Energy-efficient transport from magnetic bits made possible
Researchers from Eindhoven University of Technology and the FOM Foundation have succeeded in using electric fields to control the very energy-efficient movement of magnetic domain walls. The discovery is vitally important for the development of the racetrack memory, a highly promising new technology for data storage. PhD researcher Sjors Schellekens and his colleagues from the Physics of Nanostructures group led by Prof.dr. Bert Koopmans published this result on 22 May online in Nature Communications.
The development of traditional electrical memory chips will soon reach its limits. This is because each bit is unavoidably connected to a relatively large and expensive transistor. In magnetic storage, just like on a hard disk, that is not the case. However a hard disk is far too slow to replace the memory chip and its moving parts make it vulnerable. Therefore in 2002, the concept of racetrack memories was devised in which you should be able to store far more data than is the case for current chips. In this memory the magnetic bits – ultra small areas with a different orientation of the magnetization – flow back and forth along a nanowire past the reading and writing head. All of the parts stand still and only the data moves. A crucial aspect of this is managing the 'walls' that border the magnetic bits: if one wall moves faster than the other then they overtake each other and data is lost.
Up until now the speed of the walls could only be controlled using magnetic fields and currents, which is not energy efficient. The assumption was that this could not be done with electrical fields, as these only penetrate the outermost layer of the magnetic storage material. The researchers from Eindhoven circumvented this problem by using an ultrathin film of only several atoms thick. The material therefore largely consists of an 'outermost layer' where the electrical fields penetrate far enough. With this approach the researchers managed to change the speed of the walls by more than a factor of ten. "And our calculations reveal that the effect can become many times greater", says Schellekens.

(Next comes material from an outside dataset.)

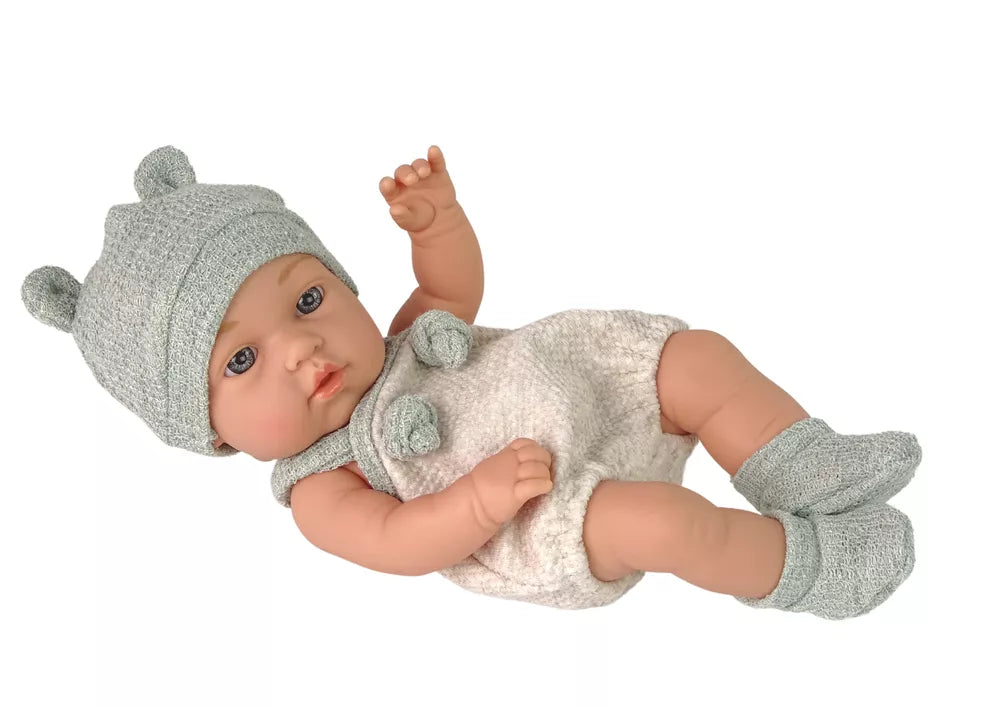 „Sweet Baby“ lėlė su megztuku ir kepuryte – žalia, 30 cm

A major advantage of the electrical fields is the minimum use of energy, so a very small electric current suffices. This means that data can be made available at locations where that is currently not possible. Examples are compact autonomous electronics in the human body or clothing, says Koopmans. In the short term he expects the discovery will lead to a flood of new research to improve the effect and to discover new possibilities. He expects the first applications within ten years.
Reference
'Electric-field control of domain wall motion in perpendicularly magnetized materials' by A.J. Schellekens , A. v.d. Brink, J.H. Franken, H.J.M. Swagten and B. Koopmans (all from Eindhoven University of Technology), Nature Communications. doi: 10.1038/ncomms1848.